There are 18 critical coding and architecture weaknesses to avoid in source code because of their impact on the performance of an application. For those familiar with the Common Weakness Enumeration (CWE), a repository of known software weaknesses managed by The MITRE Corporation, and a reference point for developers and tools, the Performance standard includes 15 parent weaknesses and 3 child weaknesses ("children") that map back to the CWE and have CWE identifiers.

Performance Efficiency assesses characteristics that affect an application’s response behavior and use of resources under stated conditions. Performance Efficiency affects customer satisfaction, workforce productivity, application scalability, response-time degradation, and inefficient use of processing or storage resources. The Performance Efficiency of an application lies in each individual component‘s performance, as well as in the effect of each component on the behavior of the chain of components comprising a transaction in which it participates.

To follow the standard guidelines, your source code should NOT contain these 18 critical weaknesses known to severely impact performance. Detection of these weaknesses can be automated on source code through static analysis.

Who Developed the Software Performance Efficiency Standard?

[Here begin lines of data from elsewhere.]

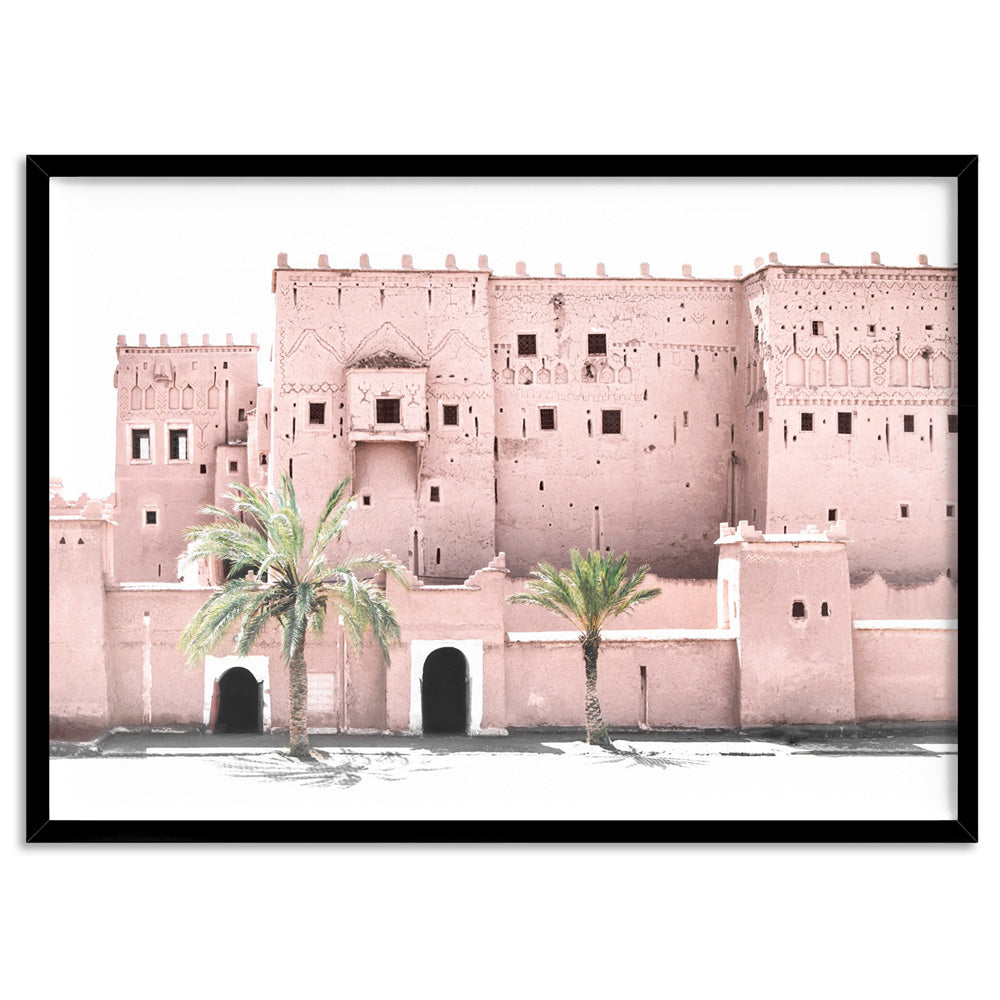 Moroccan Desert Palace | Kasbah Taourirt - Art Print, Poster, Stretched Canvas, or Framed Wall Art Print, shown in a black frame
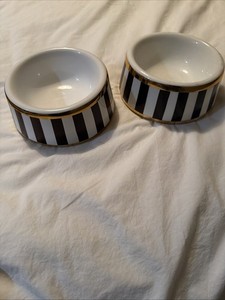 HENRI BENDEL Brown White And Gold Dog Pet Bowl Set Pre-loved Condition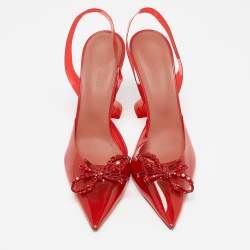 Pre Owned Amina Muaddi Red PVC Rosie Crystal Embellished Bow Slingback Pumps Size 39.5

The project team was led by Dr. Bill Curtis, CISQ Founding Executive Director and Chief Scientist at CAST Research Labs. The team consisted of delegates from CISQ sponsor organizations Accenture, Atos, Booz Allen Hamilton, CAST, CGI, Cognizant, ISHPI, Northrop Grumman, Synopsys, Tech Mahindra, and Wipro in addition to experts from the Software Engineering Institute at Carnegie Mellon University and the Common Weakness Enumeration project at The MITRE Corporation.

Who is Using the Software Performance Efficiency Standard?

The standard is used by government and industry organizations including the U.S. Department of State, U.S. General Services Administration, U.S. Army, U.S. Air Force, Northrop Grumman, CGI, Cognizant, Tech Mahindra, Manulife, Telefonica, BNY Mellon, and others. The standard is freely available to use, reference, and download.

Which Tools Support the Code Quality Standards?

The code quality standards from CISQ are comprised of software weaknesses (CWEs) that can be detected in source code through static code analysis. CAST and Synopsys (tool vendors) contributed to development of the standards and support the standards in their tools. Most static analysis tools identify some, if not all, critical CWEs. Ask tool vendors about support for measuring CWEs and the CISQ standards for Reliability, Security, Performance Efficiency, and Maintainability.